All agreed that was a great sounding station so we duplicated the 99XLO processing for FM and the WOR
processing for AM. That was for AM a Pacific Recorders limiter and for FM DAPs with a Mosely peak limiter.
I believe that at time we were using an LA-3 as the mic compressor. Teddy was very wise....this was
certainly the best that both stations had ever sounded.
-I believe that processing was in place for AM until the stations moved to the new addition in the back
of the building. At that time AM went with Orban 424 units at the studios.
-FM, on the other hand had some bad days. The first step backward came with Double DAPs.
This is hard to believe, but we actually paralleled DAPs. It was supposed to be louder and maybe it was
but it sure sounded messy. Next the Mosley limiters went and the Optimods came back.
Worse, one of the Optimods had a defective release time module making it very fast. Unfortunately that
was the one that was preferred!
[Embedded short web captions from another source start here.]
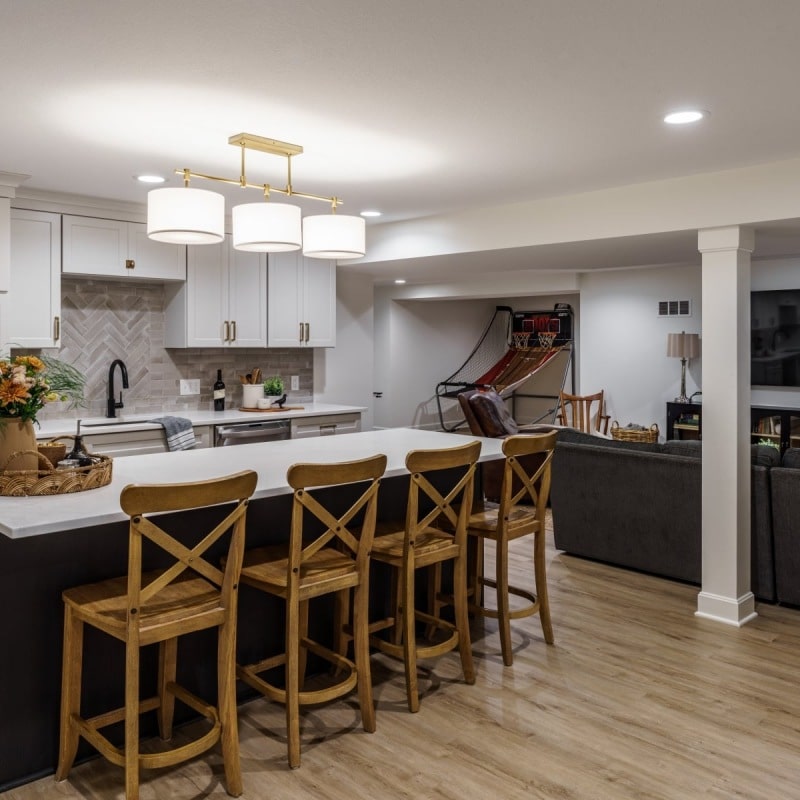 ©2023 Matthew Anderson, All rights Reserved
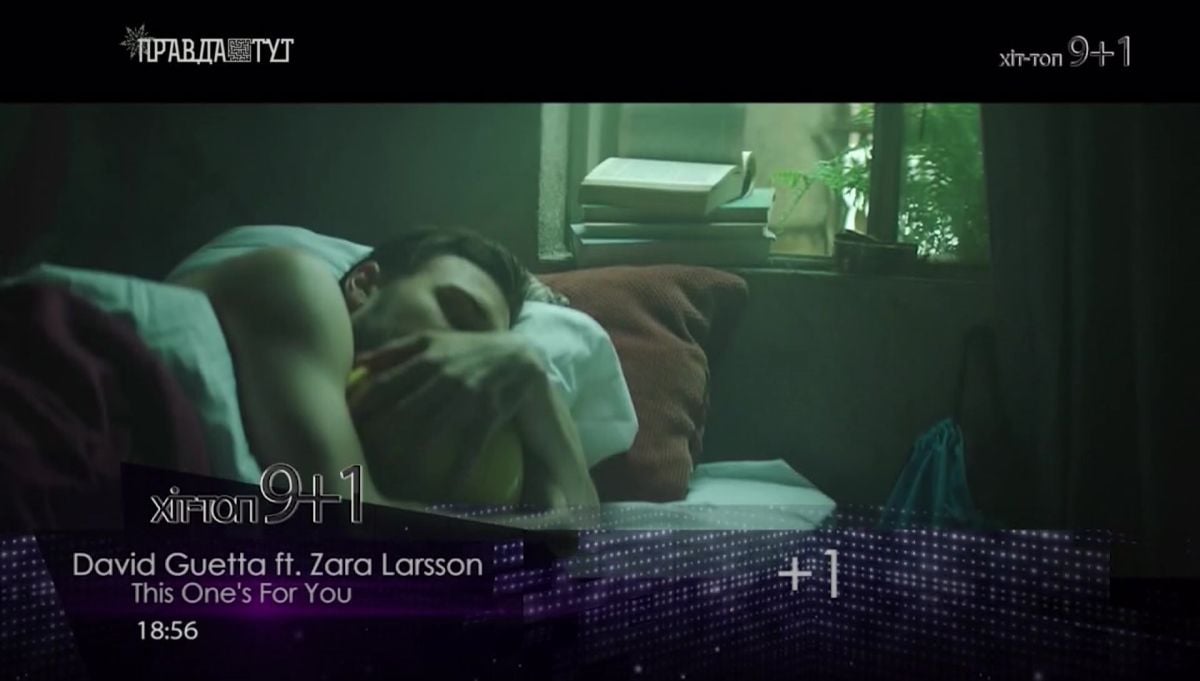 Nové hvězdy na satelitním nebi 23. až 31. prosince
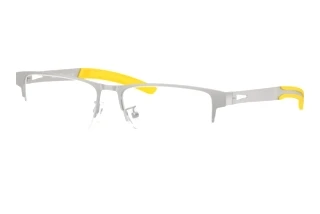 Forfra Ferrari Scuderia FZ7017D (135)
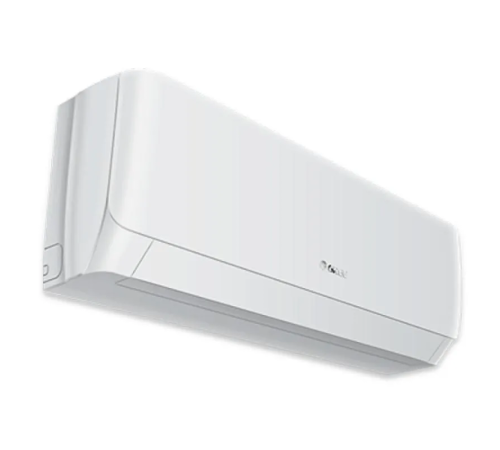 Сплит-система Gree Pular Inverter R32 GWH09AGAXA-K6DNA4C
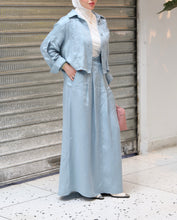 Load image into Gallery viewer, The Aria Set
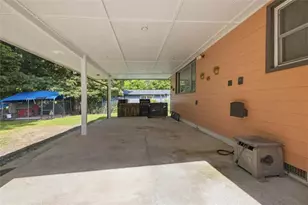 318 Greenwood Ave, Rome, GA 30165 - Photo 30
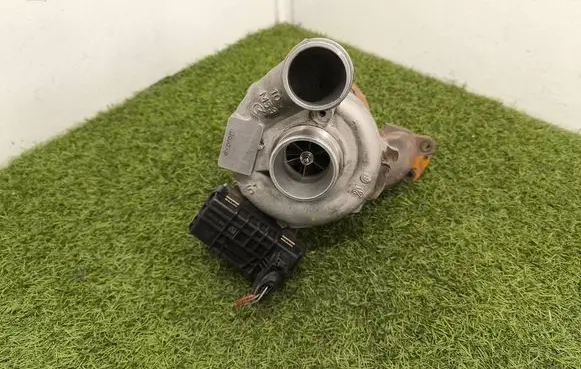 Turbo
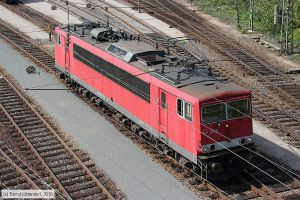 Bild: db1551050_bk1007310037.jpg - anklicken zum Vergrößern Bild: db1551050_bk1007310037.jpg - anklicken zum Vergrößern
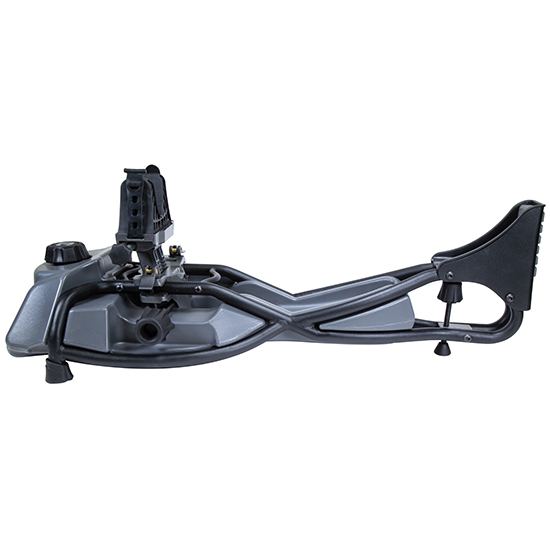 CALDWELL HYDROSLED SHOOTING REST - Hunting Accessories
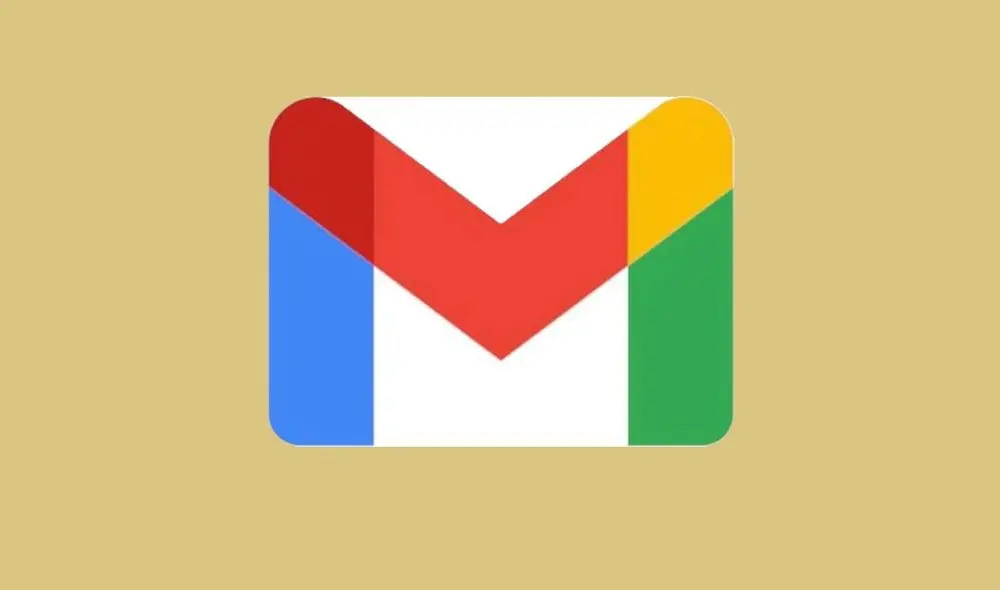 Si deseas limpiar Recibidos sin suprimir tus correos electrónicos de Gmail, aplica este método. Foto: composición LR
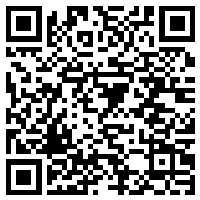 QR Code for bitcoin:bitcoin:bitcoin:bitcoin:litecoin:LU6azVfLP6uviomtAH48P7dESVT3SdTEmu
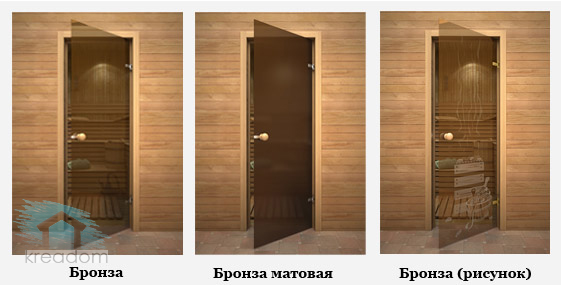 Стеклянные двери для бани (38 фото): варианты из стекла с деревянными ручками для сауны 700х1700, как выбрать петли и фурнитуру, размеры двери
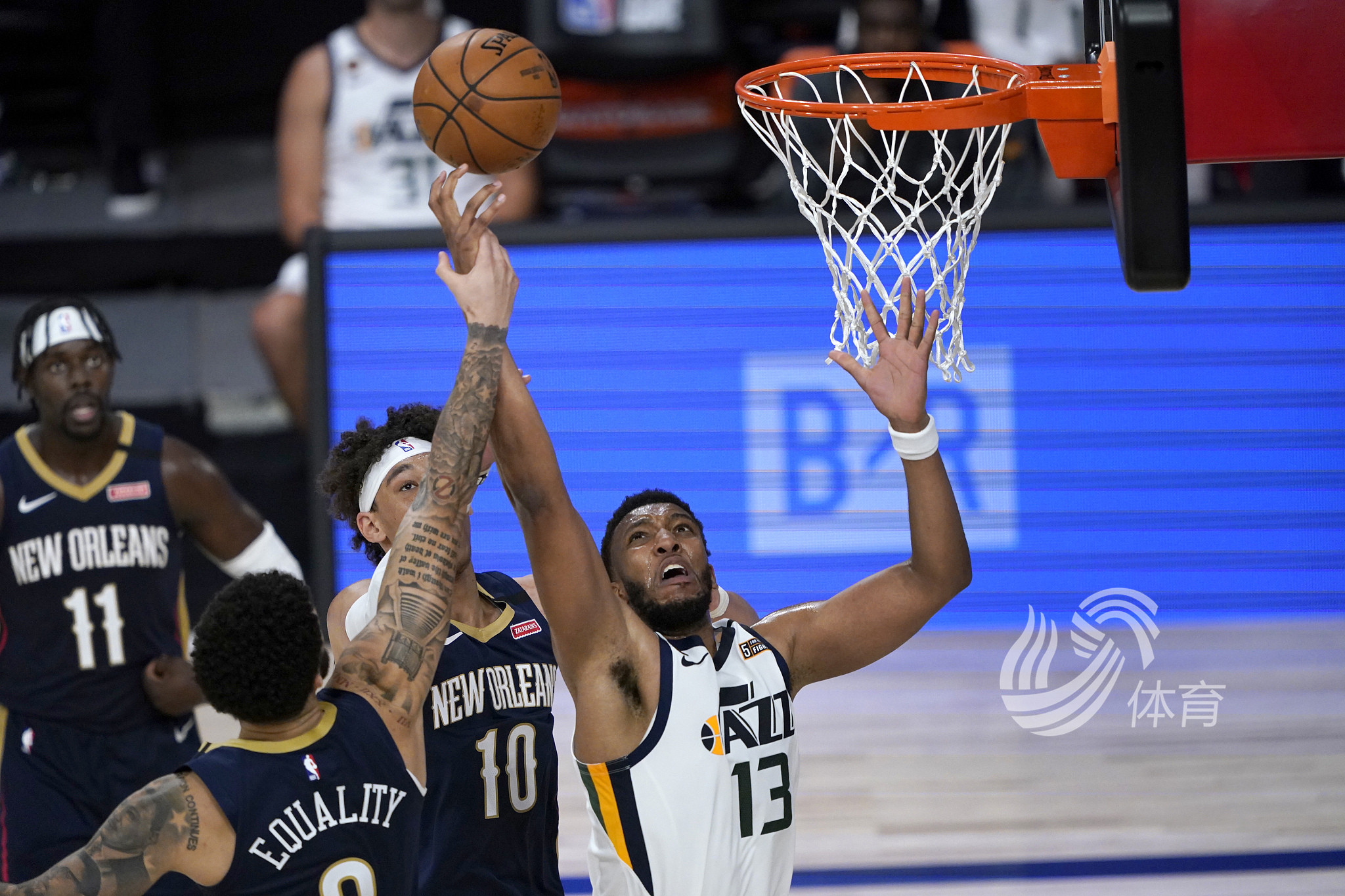 我们不能忽 我们不能忽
UREI graphic equalizers were added. The station was sounding really
bad at this time and no one was happy and then the final insult to sensibilities was a composite clipper.
I dont remember the manufacturer. This thing might have been ok, but it was operated pretty drastically
and the pilot completely disappeared on kick drum beats. It had different effects on different radios but
definitely was terrible.
-FM eventually settled down to a newer model Optimod which sounded pretty good, but
what "a long, strange trip" it was to get there!